If you've been looking for a good literary crime novel, look no further. The Cold Song (Other Press) by bestselling Norwegian novelist Linn Ullmann is an intimate and evocative family drama that's told like a thriller, and is all the more terrifying for its humanity and realism. Even in translation, the prose hits all the right notes and manages to be chilling without being sensational.

When the troubled Dreyer family first hired 19-year-old Milla as a nanny for their annual summer holiday to Norwegian beach town, no one could have predicted just how she would fit into the strained family dynamic. And certainly no one could have predicted that she would be murdered. After her disappearance, the whole community searches for her, with no luck.
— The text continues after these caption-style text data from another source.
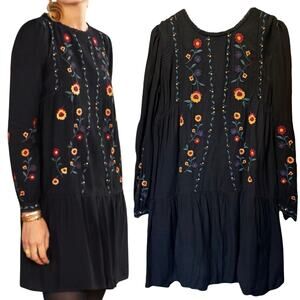 SEZANE Elise Dress Black Floral Embroidery Long Sleeves Robe Mini Tunic 42 US 10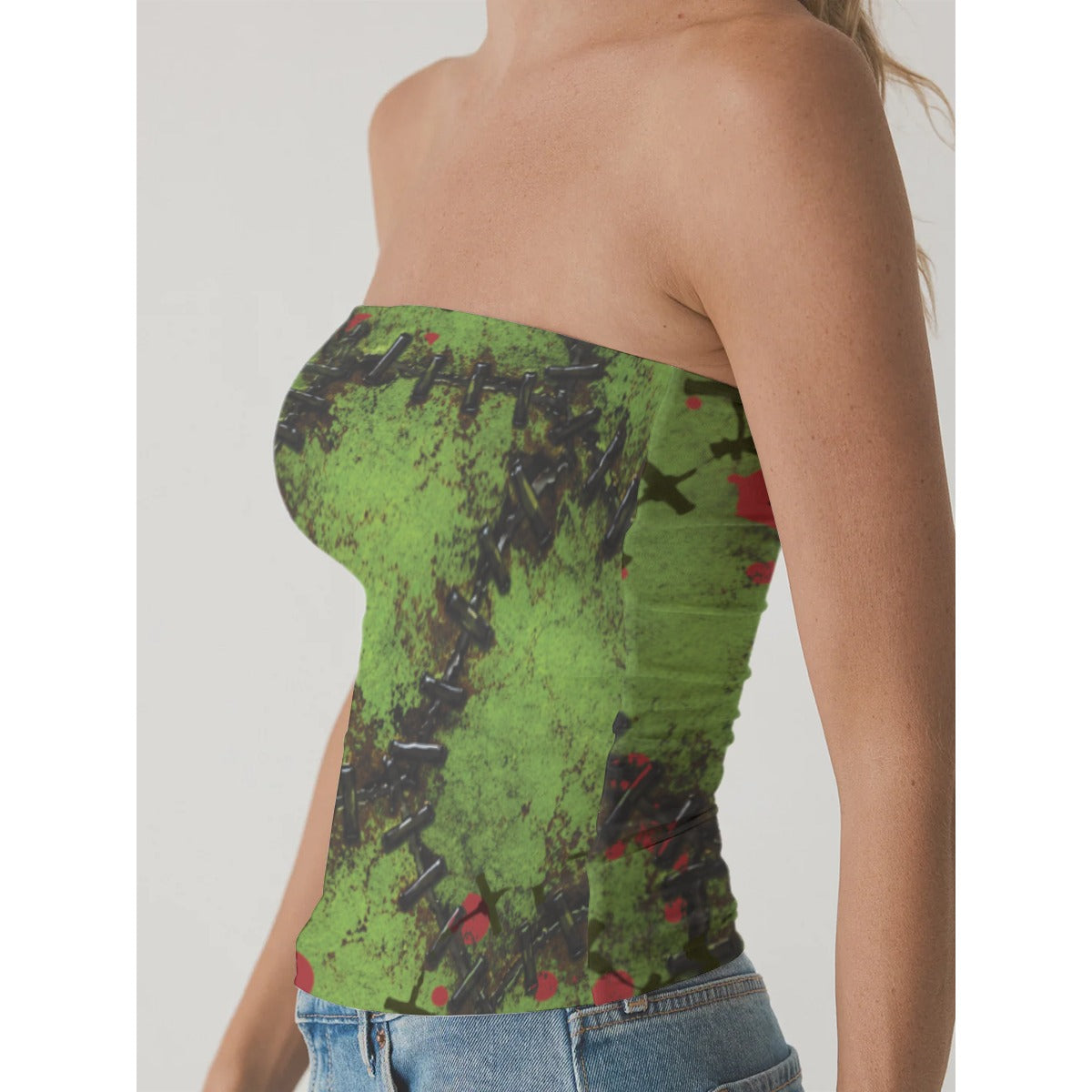 Monster Stitch Bandeau Tube Top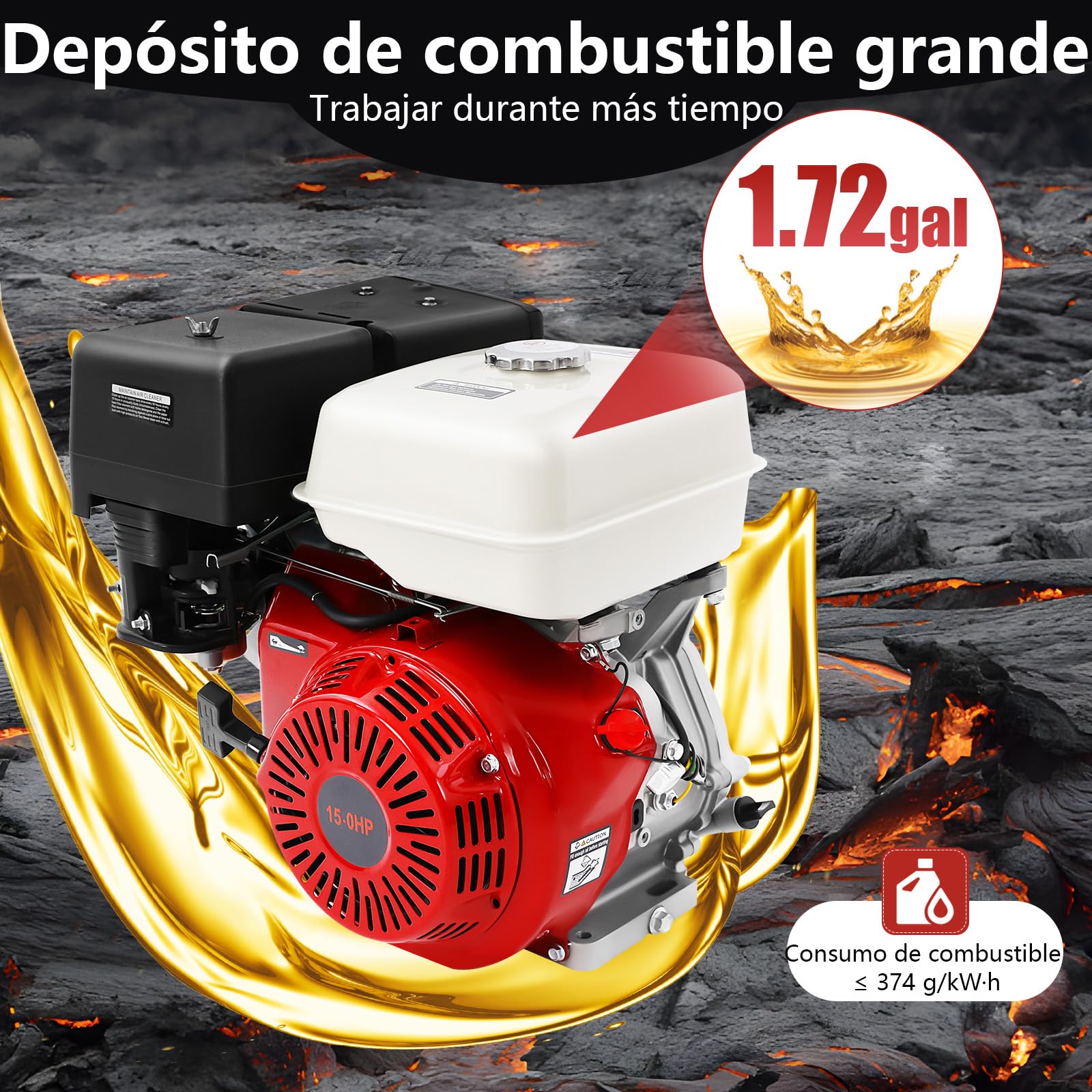 Motor de gasolina de 15 CV, 9,7 kW, motor de 4 tiempos con eje de 25 mm de diámetro, 420 CCM, motor de accionamiento estacionario, refrigeración por aire, gran capacidad del depósito de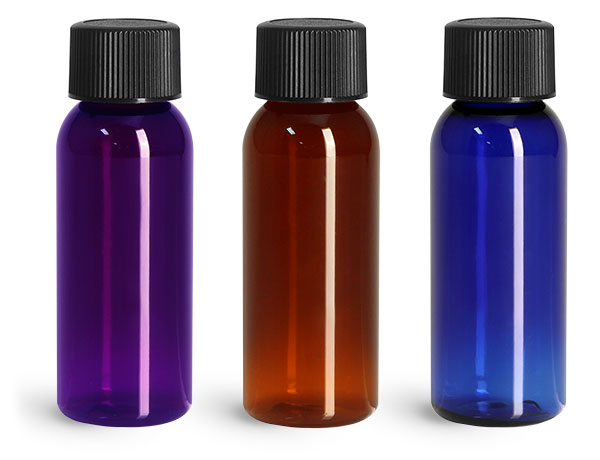 PET Plastic Bottles, Cosmo Round Bottles w/ Black Ribbed PE Lined Caps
Yet two years later, her body is unearthed, and the reader is transported back to the fateful summer that she vanished, getting an up close look at the dysfunctional family she worked for.

From Jon Dreyer, a novelist who has been hiding his writer's block for nine years, to Siri Dreyer, a frustrated and angry chef, to their oddball daughter Alma, to Jenny, Siri's abusive mother, the Dreyer family is full of problems great and small, years of resentments and unresolved issues often simmering under the surface. As the fateful summer progresses, tensions run high and relationships begin to unravel. And one can't help but wonder: even though an unrelated local boy was arrested for Milla's death, did someone in the Dreyer family have a hand in it after all?

Unlike a conventional crime thriller, the tension in Ullmann's novel comes not from action but from the relationships, all of which are not just dysfunctional, but somehow off. There is something not quite right about the family and its various members — whether it be the mutual, yet strangely lopsided attraction between Jon and 19-year-old nanny or Alma's strange, loner behavior or the fact that Siri once saw her 4-year-old brother drown in a lake, an often retold story with many different versions, all of them unsettling.

Yet Ullmann's observations of human nature are also spot on. The world she has created for her readers is unnerving not because her characters are exceptional or sensational but because they are so ordinary and so real. And although they come across as somehow wrong, it's hard at times to pinpoint the reason why. They are in many ways just normal people, in a family with large but not unusual problems. They are fully fleshed out an believable. And yet there is also something quite right about them, or the family.

And, of course, the tension and unease is only increased by the fact that the reader knows how the summer will end. There is a murder lurking on the horizon, and although we learn early that someone outside of the Dreyer family is arrested for it, it's hard not to wonder if someone else might have been responsible — and disturbing to realize that it wouldn't a surprise to find out it was any one of them.